Tomorrow's fiftieth anniversary of the launch of Sputnik seems like an odd sort of event for Americans to commemorate, unless the lesson is that we can start out behind and still win. I've seen many Sputnik articles and commentaries in the past week, and one of the better ones, in Monday's Washington Post, included some useful reminders of just how wrong our immediate post-Sputnik predictions about the future turned out to be. We may not have colonies on the Moon and Mars, but, as the author put it, "Sputnik plus the Internet equals Google Maps." That sort of unpredictability of ultimate outcomes might apply equally well to our current perceptions about energy and climate change, for which a wake-up call as dramatic as Sputnik's might yet lie somewhere ahead.

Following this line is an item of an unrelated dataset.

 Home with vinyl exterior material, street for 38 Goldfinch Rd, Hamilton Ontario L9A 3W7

Aside from ushering in the Space Age, Sputnik was one of those remarkable "caught napping" moments in US history. Although I have no recollection of the immediate aftermath, since I was an infant at the time, the shock wave from Sputnik certainly shaped my childhood and influenced my educational choices. Anyone looking for a comparable current influence from energy or the environment would come up short. Even though both of these concerns routinely make headlines, the effect of these issues on our daily lives remains modest. Our children aren't yet growing up in a nation urgently reorganizing itself to meet the challenges these issues represent, as it did around the parallel arms and space races with the Soviet Union. Many still hope they won't have to, and that oil prices will fall and climate change prove illusory.
In thinking about what a Sputnik for energy or climate might look like, it's helpful to consider why neither meets that standard, today. It has taken oil prices roughly four years to triple their former average level, and the increase owes as much to higher demand spurred by economic growth as to supply constraints. That's very different from the oil shocks of the 1970s. As to climate change, while our awareness is growing steadily, the feedback loop of cause-and-effect, response-and-reaction is longer than our attention spans. The fact that there is still argument about our contribution to the problem and what to do about it is strong evidence that we haven't reached the galvanizing moment at which all doubt is cast aside.

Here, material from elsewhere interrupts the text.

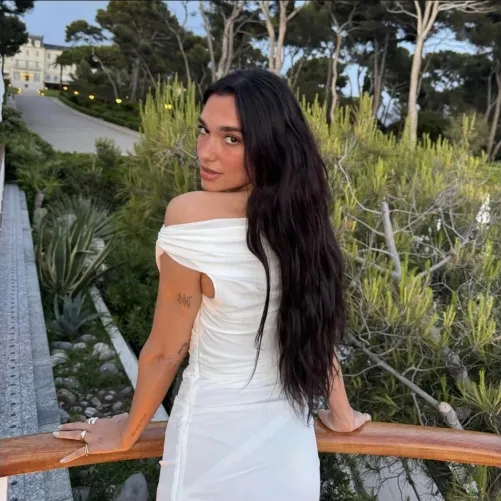 For those like me who can't transition for whatever reason. Do you also express your femininity in subtle ways?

So what would qualify? Certainly not just a politician or media figure telling us that one or the other problem is urgent. We hear that ever day about a host of issues. It would have to be something external and dramatic. On energy, the possibilities are easy to imagine: We awaken one morning to discover that Osama bin Laden has taken over a major Middle East producer, or Hugo Chavez has decided to export 100% of Venezuela's oil to China. Or the Saudis announce that their production has peaked, and oil futures soar to $200. On the climate side things are trickier. Most of the big signals only make sense as part of a larger pattern, after the fact. It's impossible to discern whether individual hurricanes, droughts, or heat waves are signposts of global warming or just random weather events. Melting icecaps may be as close as we come, but they still lack the gut-wrenching immediacy of a Sputnik, Pearl Harbor, or 9/11.

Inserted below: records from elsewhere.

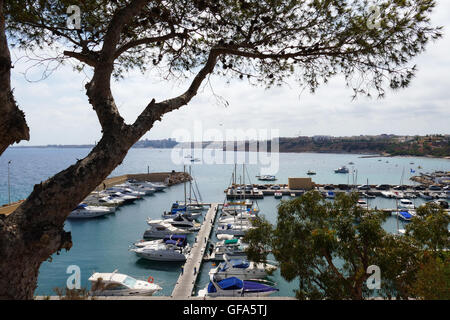 Blick auf die Marina von Cabo Roig, Costa Blanca, Spanien Stockfoto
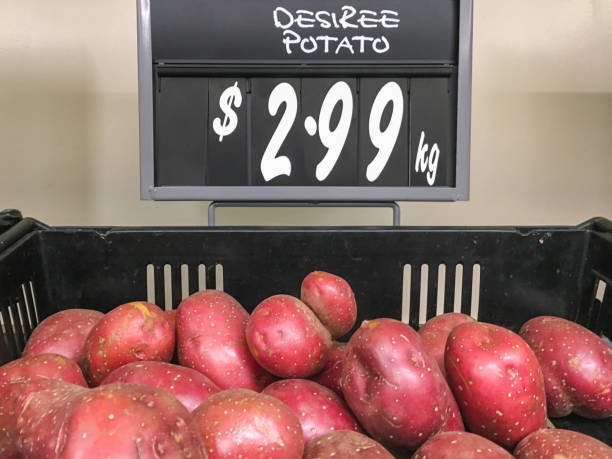 дезире картофель - red potato raw potato market red стоковые фото и изображения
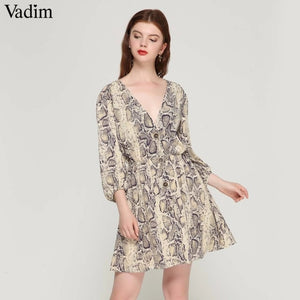 Women Vneck Snake Pattern Elastic Waist Quarter Sleeve Pleated Buttons Casual Mini Dress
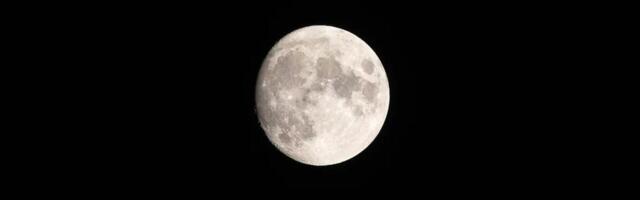 Get Ready to Spot the Spectacular Supermoon Dominating the Night Sky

As unwelcome as that kind of surprise might be, it almost seems necessary to overcome the complacency of gradual change--the proverbial "boiling frog". Absent a Sputnik moment for energy and climate change, how do we convince the public of the need for action, for the equivalent of a Manhattan Project or Apollo Program to address these problems, if that's what it takes? Perhaps, for a change, we will have to trust in the good judgment of our fellow citizens, if we provide them all the facts--including those that do not align with our view of impending catastrophe--and lay out all of the choices and their likely consequences. That by itself might be as novel and empowering as another Sputnik.